Nigeria's huge oil wealth has brought misery

By David Blair, diplomatic correspondent for the Telegraph (UK). Prayers for the people of Nigeria, for deliverance from poverty and corrupt leaders (like Peter Akinola).

The immense wealth bestowed on the Niger Delta by the hand of nature has brought nothing but misery to most of its people.

This verdant region of creeks and inlets sits on most of Nigeria’s 35 billion barrels of proven oil reserves.

In theory, oil companies operating in the Delta could produce about 2.5 million barrels of crude every day.

In reality, they rarely achieve this level of output thanks to a campaign of sabotage and violence mounted by local militants, who style themselves the Movement for the Emancipation of the Niger Delta (Mend).

Barely a month goes by without these heavily armed gunmen, who roar through the creeks on motorboats, kidnapping a few foreign oil workers.

Since last January, 31 Britons have fallen into their hands. All have been freed unharmed, usually after the payment of ransoms.

Oil companies have little choice but to pay up because Nigeria’s security forces are incapable of mounting the kind of rescue mission in which the captive has a reasonable chance of emerging alive.

The gunmen have a simple grievance.
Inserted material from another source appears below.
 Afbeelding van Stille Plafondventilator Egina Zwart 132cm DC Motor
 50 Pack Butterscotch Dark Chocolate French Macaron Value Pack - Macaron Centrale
Their home region produces billions of pounds worth of oil every year, yet most of its people endure grinding poverty.

Oil revenues enter the coffers of foreign multinationals or Nigeria’s government.

According to one estimate, Nigeria’s rulers stole or misused £220 billion in the 40 years after independence from Britain in 1960.

So the Delta’s oil wealth lines the pockets of corrupt politicians while the region’s roads, schools and hospitals fall to pieces. The militants feed on this deep sense of grievance.

While local politicians campaign for the Niger Delta to receive a bigger slice of the country’s oil revenues, the gunmen of Mend adopt a more direct approach. They specialise in extorting money from foreign oil companies.

Kidnapping expatriates is their favourite method, but they are also masters at collecting protection money.

The penalties for non-payment can be severe. Pipelines are sabotaged and oil terminals destroyed.

Nigeria’s army has deployed in force to secure this vital region. An undeclared guerrilla war has been fought in the Delta’s creeks for the last five years or so. But there is no sign of Mend being crushed. On the contrary, oil companies live with the ever present danger of sabotage.

But for as long as oil prices remain high, the profits from doing business in the Delta will continue to outweigh the risk.